Usually I work pretty well under pressure, but games like Fare City are the reason I know I could never handle a super-high stress job like air traffic controller or 911 dispatch.
In Fare City, you direct a fleet of cabs around town, conducting them in a delicate urban symphony of passengers and traffic. I’m guessing most of you could handle the action just fine, but when things started to get a little too crazy, my brain just locked up as everything gradually fell apart in a series of spectacular slow-motion crashes and endless loops. It was kind of fun to watch, but, saints preserve us, can you imagine the carnage and inflated fares if I were shuttling around real taxis?
A line drawing game in the same vein as Flight Control, this is a rich, bite-sized nugget of manic fun. To play, you simply draw lines from cabs to pick up fares and take them to their color-coded destinations in a timely manner. Once you’ve dropped them off, you start the whole process over again.
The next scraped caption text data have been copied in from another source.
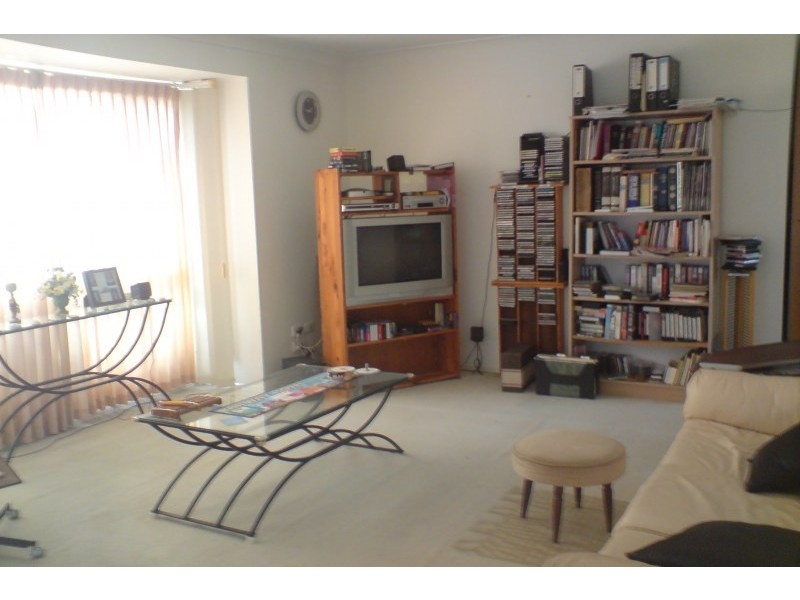 19 Marilyn Monroe Court, Parkwood QLD 4214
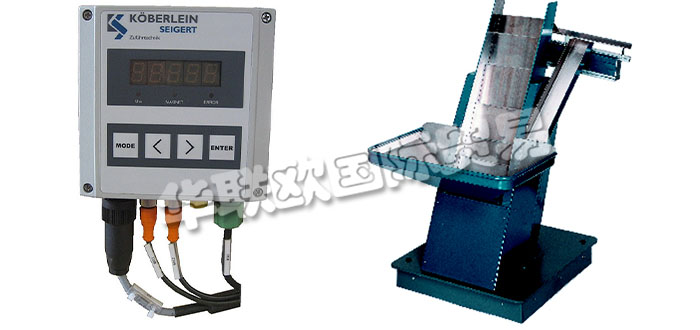 德國KOBERLEIN&SEIGERT公司主要供應：德國KOBERLEIN&SEIGERT輸送機,KOBERLEIN&SEIGERT給料機，步進給料機，線性輸送機，槽式輸送機，料斗輸送機磁鐵處理，風機技術，托盤處理程序，激光打標，圖像處理，零件送料，控制系統，移動洗手間等產品。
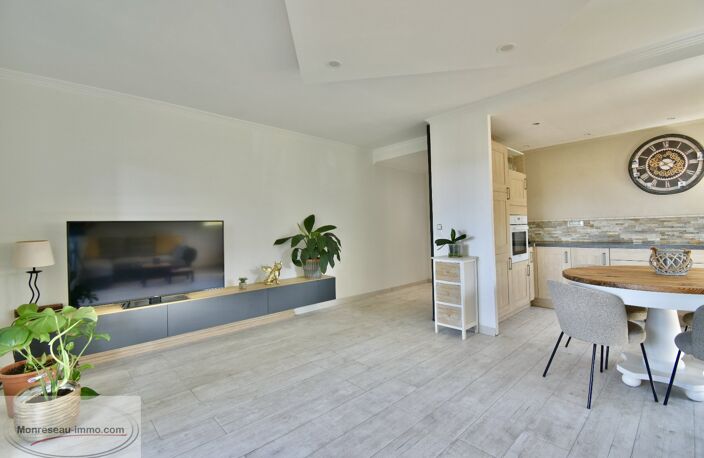Appartement — photo 4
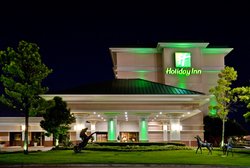  - Holiday Inn Richardson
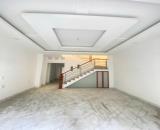 Hiếm Bình Tân Chiến Lược 85m2 ngang 4,2m 2 tầng HXH thông chỉ 5,3 T.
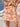 Colette Skort - Petal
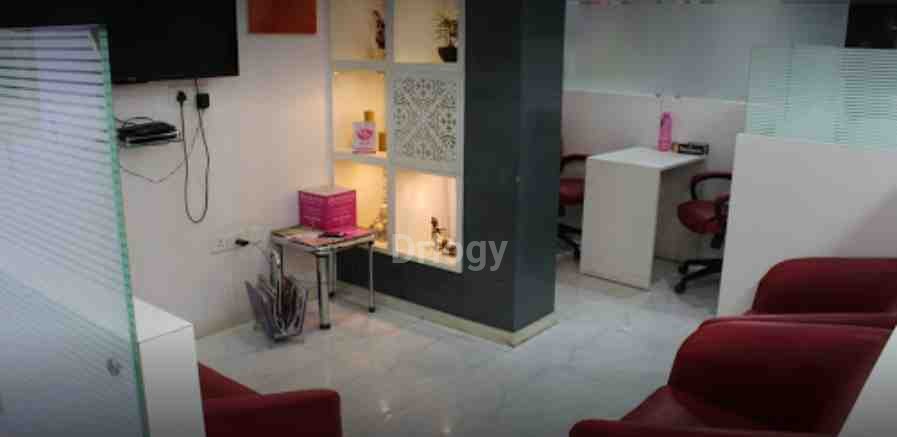Berkowits Hair And Skin Clinic Images/Photos, Greater Kailash I, New Delhi Berkowits Hair And Skin Clinic Images/Photos, Greater Kailash I, New Delhi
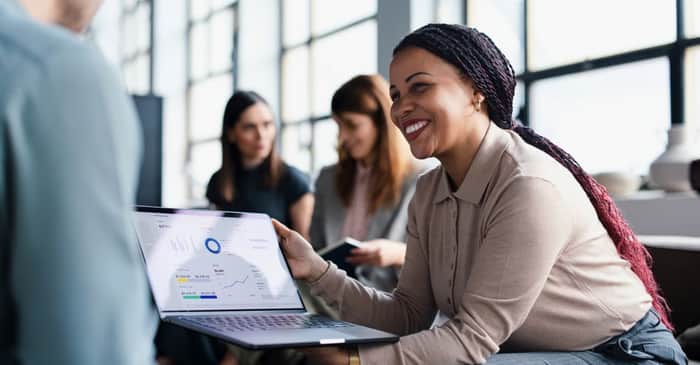 startup acc meta 1200 x 627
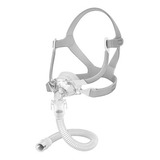 Máscara Cpap Nasal Yuwell Yn-03 Grande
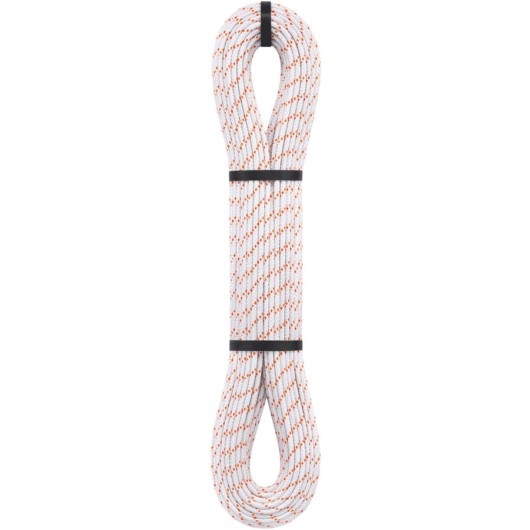 PETZL PUR LINE 6MM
Now, this is easy enough with one or two cabs, but gradually more and more are introduced, until soon enough your eyes are crossing and you’ve lost all sense of time and space. The map also loops, so driving off one edge of the map causes the cab to reemerge on the other side, an interesting feature that will likely delight and/or madden you. Taxis can also collide if you’re not paying attention, so it pays to keep a vigilant eye open. To safeguard against the inevitable mayhem and destruction, you can also use some of your hard-earned cash to purchase additional “insurance policies” (lives) to keep your fleet in tiptop shape.
With a clean and spare interface and buttery smooth controls, gameplay feels very natural and intuitive. I especially loved the fantastically jazzy soundtrack and slick neon light trails emitted by fare-ladden cabs. The overall vibe felt a little like Sinatra meets TRON, but in a good way. It’s surprisingly hard to make a casual game look sleek and streamlined, but Fare City has style in spades.
6 different maps and 4 game modes means that there’s plenty of variety to choose from, and you can scale the game speed to your liking, with room for improvement. I’m usually no good at this kind of thing, but even my stubby butterfingers were getting it after awhile, and if you’re already a fan of games like Flight Control, this will only feed your addiction, and you’ll start dreaming about rush hour instead of staring at the skies.